Spaniens Verteidiger Raul Albiol hat entsprechende Gerüchte auf der Pressekonferenz zurückgewiesen: "Es gibt keinen Pakt. Das sind Dummheiten, das ist lachhaft. Es ist unverschämt, überhaupt darüber reden zu müssen. Alle Mannschaften gehen aufs Feld, um zu gewinnen. Wir wollen die drei Punkte, weil wir auch die Gruppe gewinnen wollen."

Auf der anderen Seite hört es sich doch verlockend an: Qualifikation für die nächste, dazu eine Partie ohne Anstrengung, was angesichts von fünf Partien innerhalb von weniger als drei Wochen - so man das Finale erreicht - bei Temperaturen von bis zu 40 Grad eine feine Sache wäre.

Deshalb die Frage: Wäre es angesichts eines möglichen EM-Titels wirklich verwerflich, sich auf ein Ergebnis zu einigen? Vor allem nach dem doch überraschenden Ausgang der Spiele am Sonntag, als plötzlich Polen und Russland ausschieden und Tschechien und Griechenland ins Viertelfinale einzogen? Sollte man nicht lieber auf Sicherheit gehen?

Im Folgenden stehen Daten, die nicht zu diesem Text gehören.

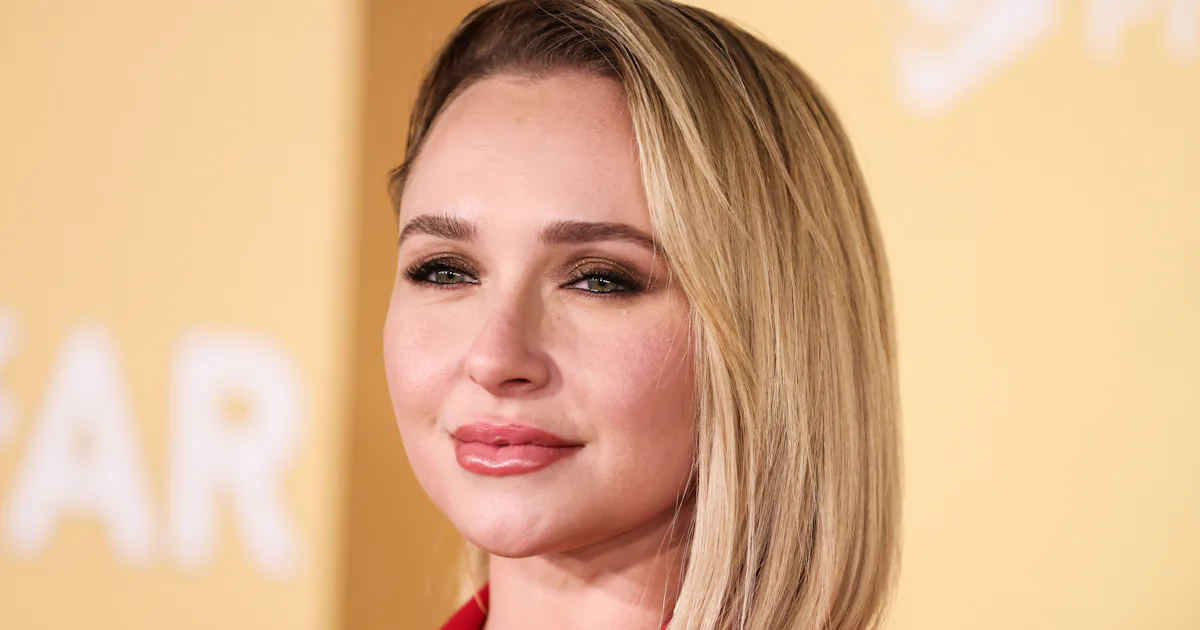 Celebrities React To Hayden Panettiere’s Death At 36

In der Spieltheorie nennt sich dieses Verhalten eine Tit-for-tat-Strategie, wenn beide Mannschaften einander freundlich gesinnt und nicht darauf aus sind, das andere Team unbedingt aus dem Wettbewerb zu kegeln. Es wäre bei dieser Art der Problemstellung die optimale ökonomische Entscheidung. Es wäre zunächst einmal eine Win-Win-Situation für jene Teams, die sicher das Viertelfinale erreichen.

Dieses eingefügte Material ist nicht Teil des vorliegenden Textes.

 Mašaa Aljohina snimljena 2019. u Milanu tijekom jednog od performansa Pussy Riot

Die Protagonisten des Nichtangriffspaktes von Gijon jedenfalls waren sich darüber relativ einig. Hans Krankl etwa sagte: "Ich weiß nicht, was man will. Wir sind qualifiziert." Toni Schumacher merkte an: "Ich habe alles gehalten, was aufs Tor gekommen ist - das waren nur zwei Bälle: Der eine war ein Rückpass und der andere ein Einwurf. Aber was soll ich machen? Nach vorne laufen?" Paul Breitner bestand noch im Jahr 2006 darauf, dass das Verwalten von damals nicht verwerflich gewesen sei - weil jede Mannschaft im Laufe eines Spiels beginnen würde, ein Ergebnis zu verwalten.

10.000 Wüstensöhne

Auch die Verantwortlichen gaben sich damals uneinsichtig, DFB-Präsident Hermann Neuberger sagte: "Ich möchte sagen, dass die deutsche Mannschaft an und für sich das Recht hatte, langsam zu spielen und auf Sicherheit zu spielen." Trainer Jupp Derwall gab zu Protokoll: "Wenn man Leistungen erzielen soll und muss aufgrund der Erwartungen, aufgrund des Drucks, der ausgeübt wird über die Presse und die Öffentlichkeit, dann wird man demnächst überhaupt keine guten Spiele mehr sehen."

Der österreichische Delegationsleiter Hans Tschak sagte gar: "Natürlich ist heute taktisch gespielt worden. Aber wenn jetzt deswegen hier 10.000 Wüstensöhne im Stadion einen Skandal entfachen wollen, zeigt das doch nur, dass die zu wenig Schulen haben. Da kommt so ein Scheich aus einer Oase, darf nach 300 Jahren mal WM-Luft schnuppern und glaubt, jetzt die Klappe aufreißen zu können."

Also: Warum nicht einfach bis zum gewünschten Ergebnis munter drauflos spielen - das wäre gar für die Zuschauer interessant - und dann verwalten? Es wäre so einfach. So erfolgreich. So ökonomisch.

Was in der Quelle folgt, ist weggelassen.